Symptom: Queue depth keeps growing, no jobs move to running. Diagnose:
-- Check if any jobs have been claimed recently
SELECT MAX(claimed_at) AS last_claimed FROM ai_generation_queue
WHERE status IN ('running', 'completed');
Fix: Verify the ai-content-worker cron job is active:
SELECT jobid, jobname, schedule, active
FROM cron.job
WHERE jobname = 'ai-content-worker';
If the job exists but isn’t running, check the Edge Function logs in the Supabase dashboard under Edge Functions > ai_content_worker > Logs.

Jobs stuck in running

Symptom: Jobs have status = 'running' for more than 10 minutes.

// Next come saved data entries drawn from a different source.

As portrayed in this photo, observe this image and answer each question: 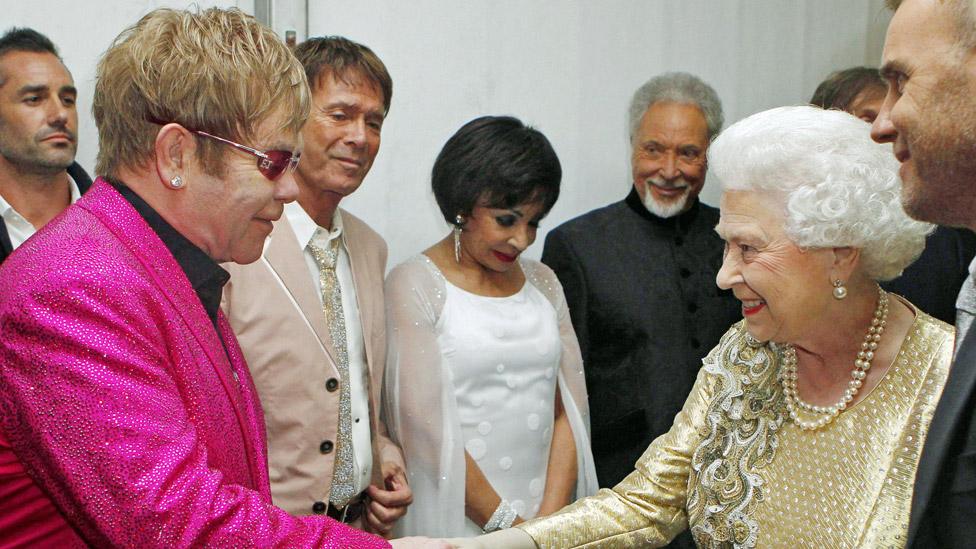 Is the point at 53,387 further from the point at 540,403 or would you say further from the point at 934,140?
the point at 540,403

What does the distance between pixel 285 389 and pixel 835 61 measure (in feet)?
10.3

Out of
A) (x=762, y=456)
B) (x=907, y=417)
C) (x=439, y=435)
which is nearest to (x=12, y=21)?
(x=439, y=435)

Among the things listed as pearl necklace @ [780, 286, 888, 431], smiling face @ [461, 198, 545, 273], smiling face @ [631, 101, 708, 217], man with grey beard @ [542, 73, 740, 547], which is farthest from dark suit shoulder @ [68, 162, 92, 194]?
pearl necklace @ [780, 286, 888, 431]

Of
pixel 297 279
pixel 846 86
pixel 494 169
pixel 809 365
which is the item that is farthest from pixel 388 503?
pixel 846 86

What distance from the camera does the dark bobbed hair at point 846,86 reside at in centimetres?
312

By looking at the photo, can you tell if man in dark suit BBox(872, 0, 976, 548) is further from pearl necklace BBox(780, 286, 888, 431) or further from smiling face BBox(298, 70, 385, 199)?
smiling face BBox(298, 70, 385, 199)

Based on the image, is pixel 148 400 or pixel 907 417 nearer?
pixel 148 400

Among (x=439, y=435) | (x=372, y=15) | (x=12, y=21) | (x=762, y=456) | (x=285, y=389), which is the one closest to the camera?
(x=762, y=456)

Diagnose:
SELECT id, content_type, tenant_id, claimed_at
FROM ai_generation_queue
WHERE status = 'running'
  AND claimed_at < now() - interval '10 minutes';
Fix: The ai-reclaim-stuck-jobs cron should handle this automatically every 5 minutes. To manually reclaim:
UPDATE ai_generation_queue
SET status = 'queued',
    claimed_at = NULL,
    attempts = attempts + 1
WHERE status = 'running'
  AND claimed_at < now() - interval '10 minutes';

All providers down

Symptom: All circuits are open, jobs keep failing. Diagnose:
SELECT provider_key, circuit_state, consecutive_failures, last_failure_at
FROM ai_provider_health
WHERE circuit_state = 'open';
Fix:
  1. Check each provider’s status page for outages.
  2. If a provider has recovered, manually close its circuit:
UPDATE ai_provider_health
SET circuit_state = 'closed', consecutive_failures = 0, circuit_opened_at = NULL
WHERE provider_key = 'anthropic';
  1. If all providers are genuinely down, wait — the half-open probe will automatically test recovery every 5 minutes.

Tenant budget exceeded

Symptom: A tenant’s AI content stops updating. Jobs are enqueued but skipped. Diagnose:
SELECT * FROM v_tenant_ai_budget_status
WHERE tenant_id = '<tenant_id>';
Fix: Either wait for the monthly reset (1st of month) or increase the budget:
UPDATE ai_content_budgets
SET monthly_limit_usd = 25.00
WHERE tenant_id = '<tenant_id>';

Content hash dedup is wrong (content not regenerating)

Symptom: Data has changed but the narrative still shows old content. Diagnose:
-- Compare current hash vs stored hash
SELECT
  compute_gap_narrative_hash('<tenant_id>'::uuid) AS current_hash,
  content_hash AS stored_hash
FROM ai_gap_narratives
WHERE tenant_id = '<tenant_id>';
If the hashes match but content should differ, the hash function inputs may need updating. Fix: Force regeneration:
SELECT rpc_get_or_request_narrative('<tenant_id>'::uuid, true);
Or manually clear the stored hash to force a cache miss:
UPDATE ai_gap_narratives
SET content_hash = 'force-regen'
WHERE tenant_id = '<tenant_id>';

Alerts Reference

AlertTriggerCron
Circuit openAny provider circuit transitions to openai-alert-circuit-open (every 5 min)
Budget warningTenant reaches 80% of monthly budgetai-alert-budget-warnings (hourly)
Both alerts are sent to Slack via SLACK_WEBHOOK_URL (Edge Function secret). If the webhook is not configured, alerts are silently skipped.